What device are you using?

Hi Sagi

Here is the device info:
Mellanox Technologies MT27700 Family [ConnectX-4]


# time nvme reset /dev/nvme0

real 1m16.133s
user 0m0.000s
sys 0m0.007s

There seems to be a spurious command timeout here, but maybe this
is due to the fact that the queues take so long to connect and
the target expires the keep-alive timer.

Does this patch help?

The issue still exists, let me know if you need more testing for it. :)

Hi Sagi
ping, this issue still can be reproduced on the latest
linux-block/for-next, do you have a chance to recheck it, thanks.
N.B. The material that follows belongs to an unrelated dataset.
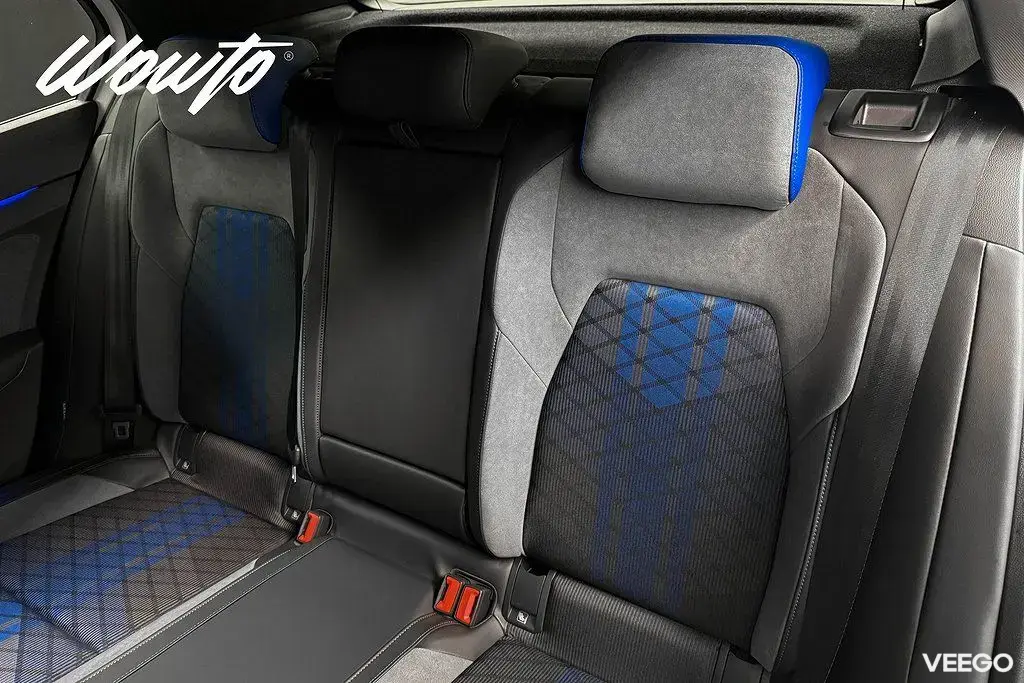 Volkswagen Golf R 2.0 TSI 4M DSG 333HK /Drag/H/K/Moms 245kW
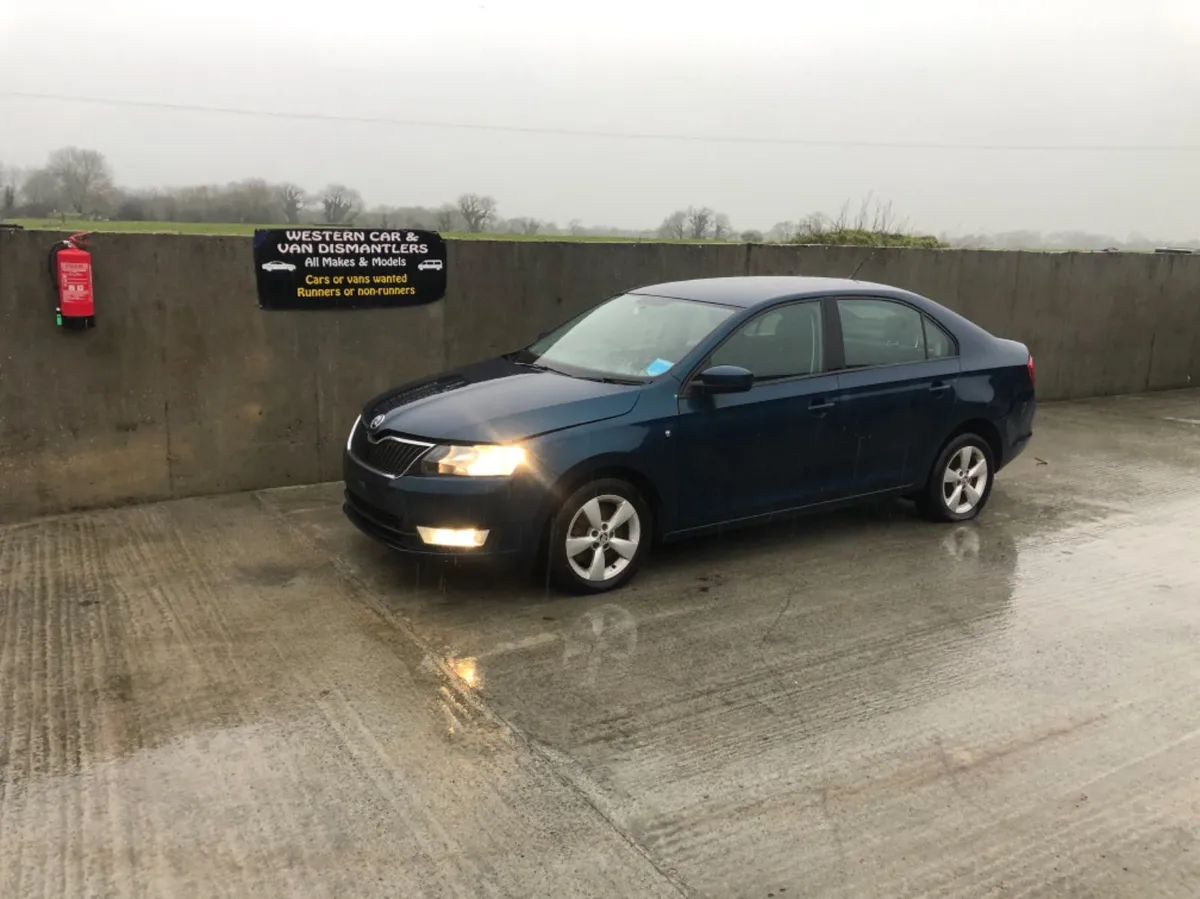 131 skoda rapid 1.6 tdi for parts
Can you check if it happens with the below patch:
--

diff --git a/drivers/nvme/target/fabrics-cmd.c 
b/drivers/nvme/target/fabrics-cmd.c
index f91a56180d3d..6e5aadfb07a0 100644
--- a/drivers/nvme/target/fabrics-cmd.c
+++ b/drivers/nvme/target/fabrics-cmd.c
@@ -191,6 +191,14 @@ static u16 nvmet_install_queue(struct nvmet_ctrl 
*ctrl, struct nvmet_req *req)
                }
        }

+       /*
+        * Controller establishment flow may take some time, and the 
host may not
+        * send us keep-alive during this period, hence reset the
+        * traffic based keep-alive timer so we don't trigger a
+        * controller teardown as a result of a keep-alive expiration.
+        */
+       ctrl->reset_tbkas = true;
+
        return 0;

 err:
--